Head down the hill on this left side of the site and walk around the perfectly-decorated lake (there is so much to see). Walk along a track that's muddy and squelchy on Friday (but has been tended to and sorted out for the rest of the weekend) and eventually you get to a new area for this year, the Elephant's graveyard. Legend has it that a travelling circus used to roam this valley and that the bones of an elephant were once found in these parts. I don't know how true this might be but it's a fine reason to set this stage here. An impressive circular arena bounded by tall planks of wood ensure that the ravey and reggae-ish sounds from the DJ booth bounce and reverberate around this space. We sit for a while and take it all in. Yes, it's worth noting that wherever you head on site there's no shortage of places to rest potentially weary legs. It's just another effortless thing which Nozstock achieves.
On leaving the Elephant's Graveyard, we choose to not immediately walk back up the hill towards the main stages but stay in the valley and head across to a small patch of trees. With outrageous fortune, we dodge the youngsters (and adults) shooting their arrows at a makeshift archery range and head into the Coppice. Like a mini Glade or Noisily, this section of the site plays host to a Tribe Of Frog programmed Psytrance area.
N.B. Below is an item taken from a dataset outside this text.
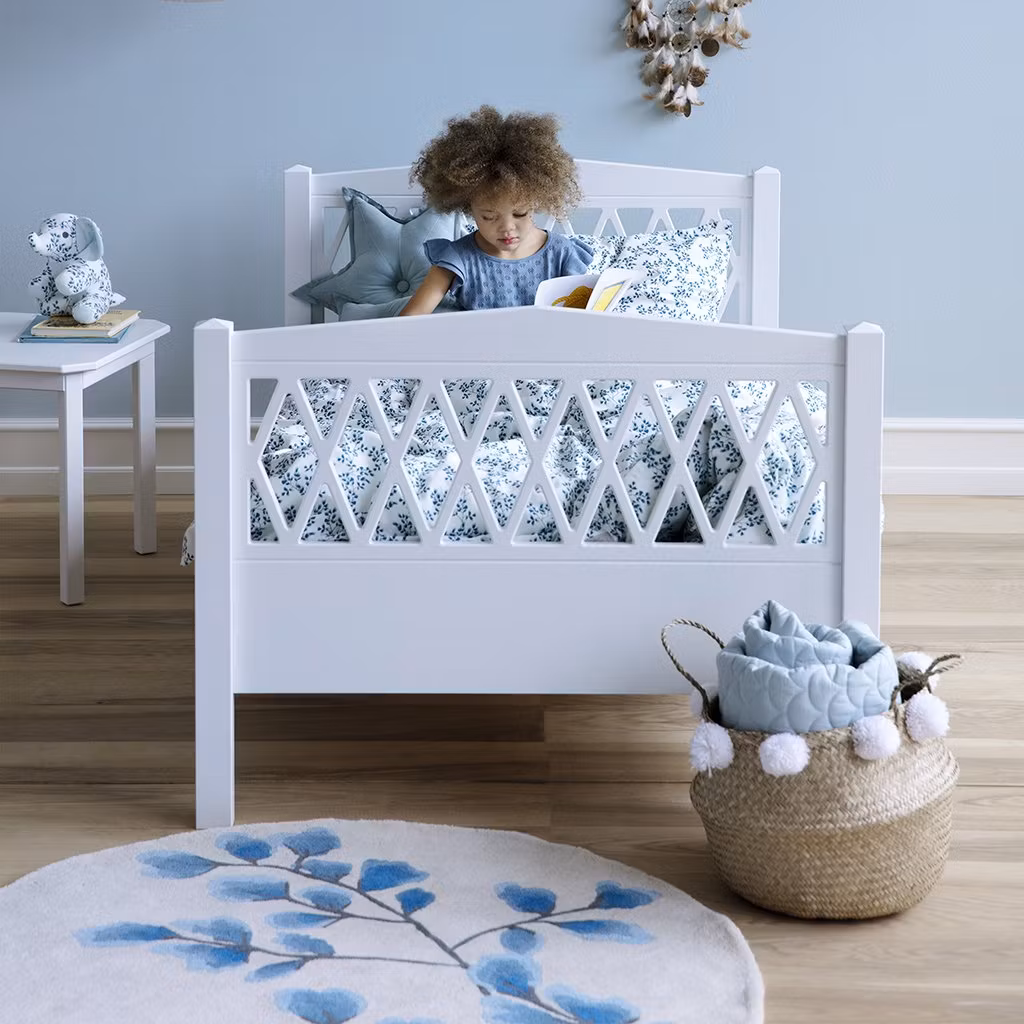 Cam Cam, rundt uldtæppe til børneværelset, Fiori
Even when we're there in daylight, the lights and tunes stomping out from the DJ booth are impressive. Again, we sit in a strategically placed sofa and relax for a while.
Completing our tour of this spectacular site, we walk back up the hill to the 'Psychonauts' tent. We're welcomed in by a chemist in a white gown and encouraged to part with some money in exchange for a shot of liquid from a syringe. We open our mouths as a tequila tasting thing is injected by the mad scientist. Some wheelchairs are pushed out of a room behind and we're asked to sit down in them. We're then pushed (something that proves particularly challenging for the poor person pushing my chair) into a room and given a surgical mask to wear. For the next few minutes, we look directly through a window into a world of psychedelic images. It's impressive, trippy and ultimately relaxing. We're then pushed back out into reality. I have no idea what this piece of interactive theatre is trying to say but I like the effect it has. We can't help but smile as we head back into the festival to party the night away.
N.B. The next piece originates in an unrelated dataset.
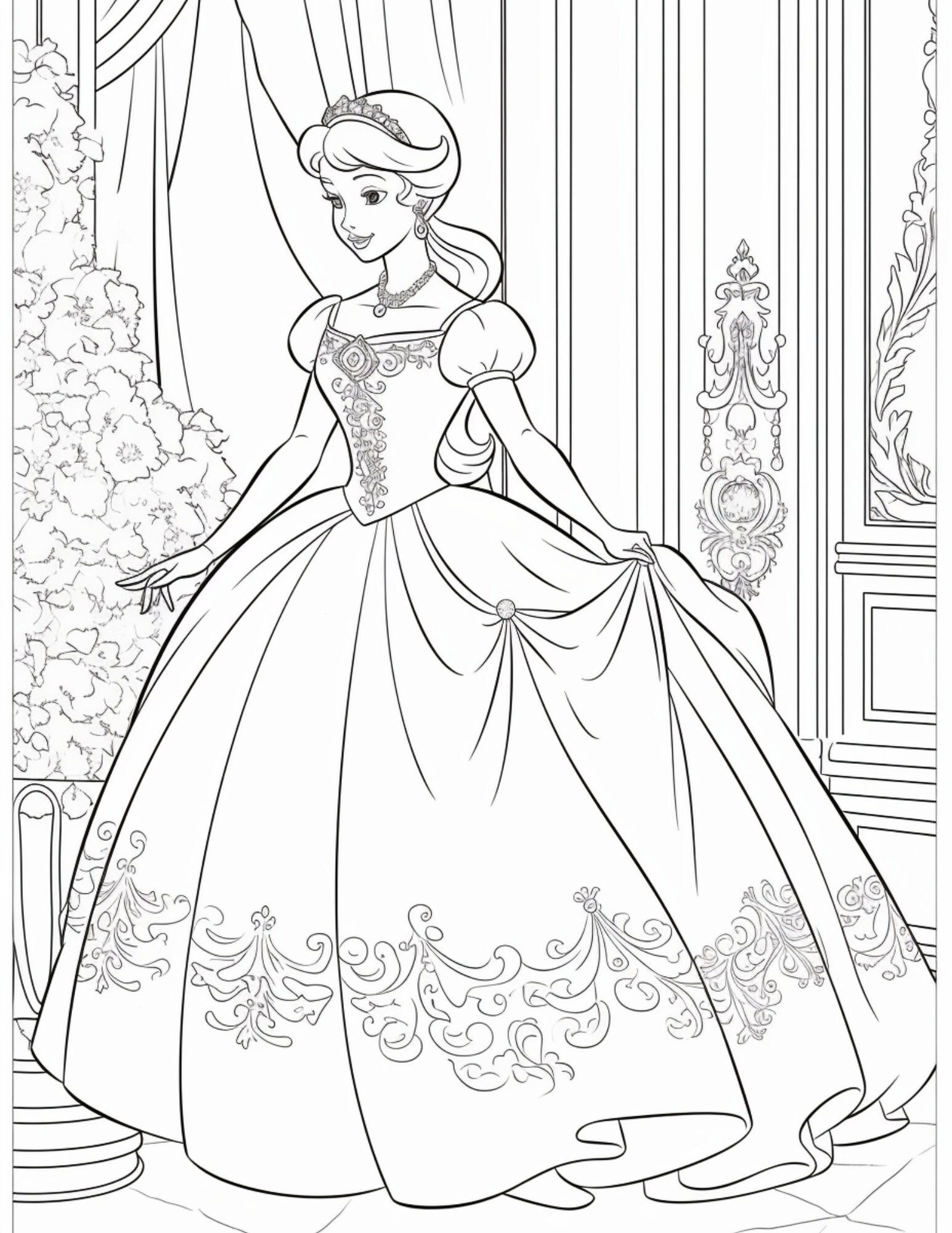 Chibi Princess Coloring Pages / Downloadable Coloring Pages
There's more that I've not mentioned; local ales and ciders that are very competitively priced; a great choice of food; toilets that are well maintained and well stocked with paper each time I have the need (which is quite often but that's perhaps TMI). This festival even has one of the best press offices that I've come across this season where you're made to feel special and part of the family. Indeed, on Saturday afternoon, we head off to a lovely wooded area of the site where there's an Alice In Wonderland press party in full flow. We spend a fantastic hour watching people in fab costumes play instruments and magically dance. The food that's laid on for us here is exquisite and arranged so beautifully that it almost feels too good to tuck into - apparently, it's largely put together by the impressive on-site chef who caters for the crew. Another wow amongst a weekend of wowser.
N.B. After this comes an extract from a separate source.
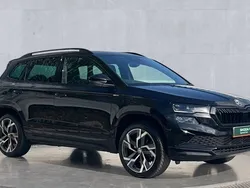 Black Used 2024 Skoda Karoq SportLine SUV | £31,000 (Fair price)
Sunday evening and we all gather to get a vantage point over the valley and out to the Nozstock sign - individual letters standing boldly in white on the far side of the hill. We whoop and holler as fireworks are let off into the evening sky. A fire burns in the distance. This really is a party that has it all; a festival at the very top of the game. It packs a mighty punch and does so with a decent dose of humanity. Long may it continue to be like this. Many thanks to the Nosworthy family and their wider entourage who have lovingly and successfully created one of the best creative statements of this summer.